It’s the final trading day of the month, quarter, and first half of the year, so we wanted to reset the performance of the major FX pairs so far in 2019. As the below relative performance chart shows, most major currencies have seen relatively little movement against one another, with the major exception of the Canadian dollar’s strength:
In our view, there are two main takeaways from this chart:
1) Political turmoil does not necessarily equate to FX market moves
If you had told traders six months ago that the UK would have made essentially zero progress on Brexit and was in the process of electing a new PM (and even that PM could be vulnerable in a potential early election in the coming months), they likely would have expected sterling to fall sharply against its major rivals.
Likewise, the escalating trade war, geopolitical tensions in the Middle East, domestic political turmoil, and about-face from the Federal Reserve surely would have been expected to have a dramatic impact on the US dollar one way or another. Instead, the currency has moved by less than 1% against the majority of its major rivals so far this year.
Indeed, what’s most remarkable about most of the major currencies so far this year is how unremarkable they’ve been.
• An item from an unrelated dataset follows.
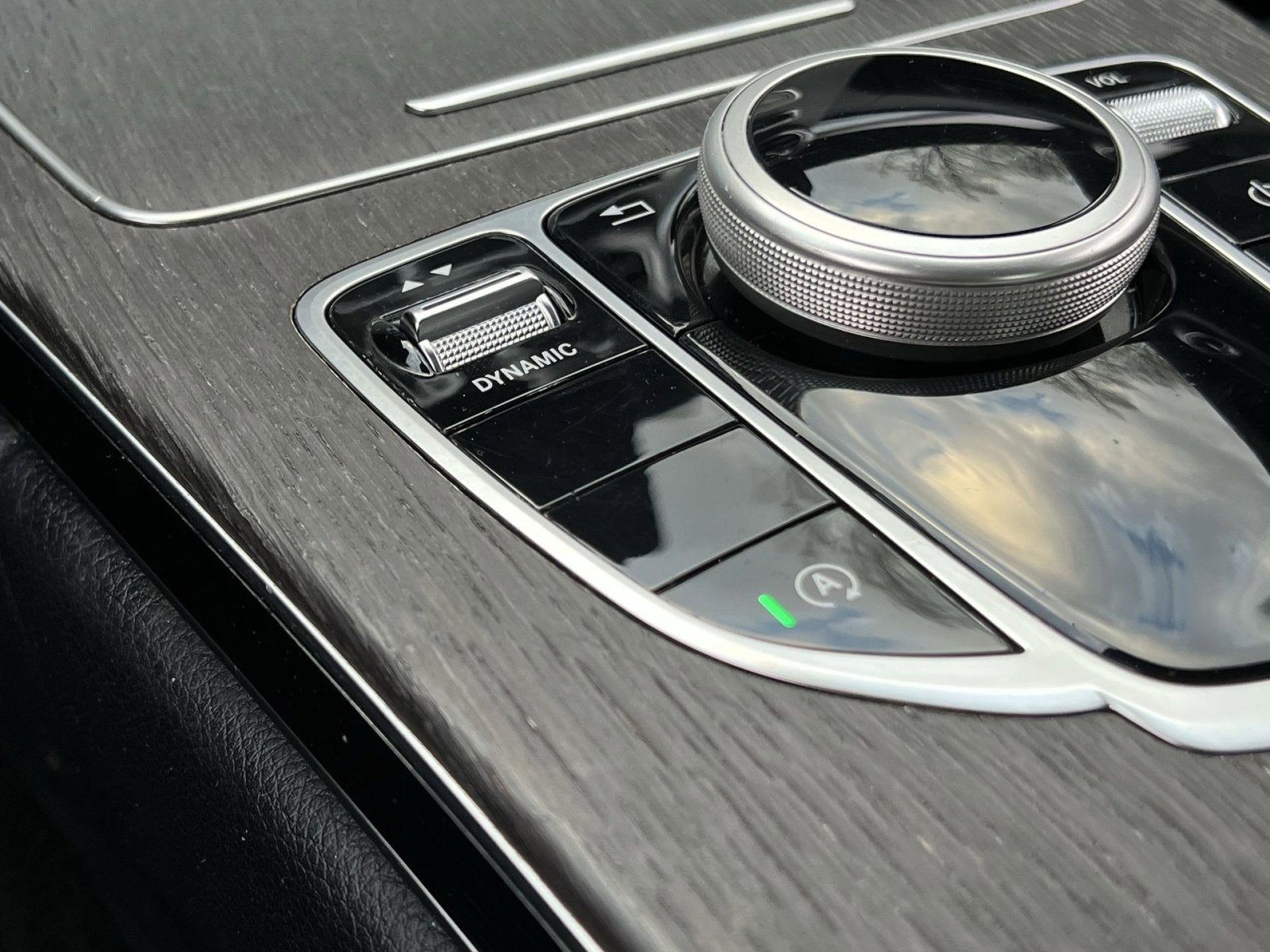 2021 Mercedes-Benz C-Class C 300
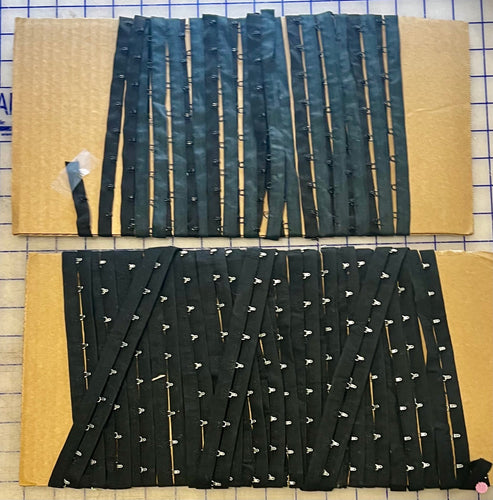 Hook and Eye Tape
The year-to-date performance serves as a reminder that traders should not let political issues cloud their analysis; focusing on proven technical methods and fundamental economic drivers tends to be far more reliable than political prognostication.
2) The loonie is off to a blazing start to 2019
Speaking of fundamental economic drivers, the loonie has been far and away the strongest major currency year-to-date. After a dip in the first two months of the year, Canada’s Ivey PMI has recovered sharply back to the mid-50s, indicating solid economic growth while the rest of the world slows down. Another fundamental factor driving the Canadian dollar higher this year is the rally in oil prices, which have gained around 20% since New Year’s Day, albeit with plenty of volatility along the way.
Perhaps the most important factor driving the loonie’s outperformance this year has been the Bank of Canada’s stance. After hiking rates five times through 2017 and 2018, the central bank has now shifted to a neutral posture. While not a bullish catalyst in itself, in the current environment, “neutral is the new hawkish” when it comes to central bank policy. The BOC could still cut interest rates in Q4 of this year or Q1 2020, but compared to other major central banks such as the Federal Reserve or ECB, the Bank of Canada’s interest rate outlook is still relatively compelling.
As we flip our calendars into the second half of the year, the year-to-date FX performance serves as a reminder to focus on fundamentals and central bank policy most of all.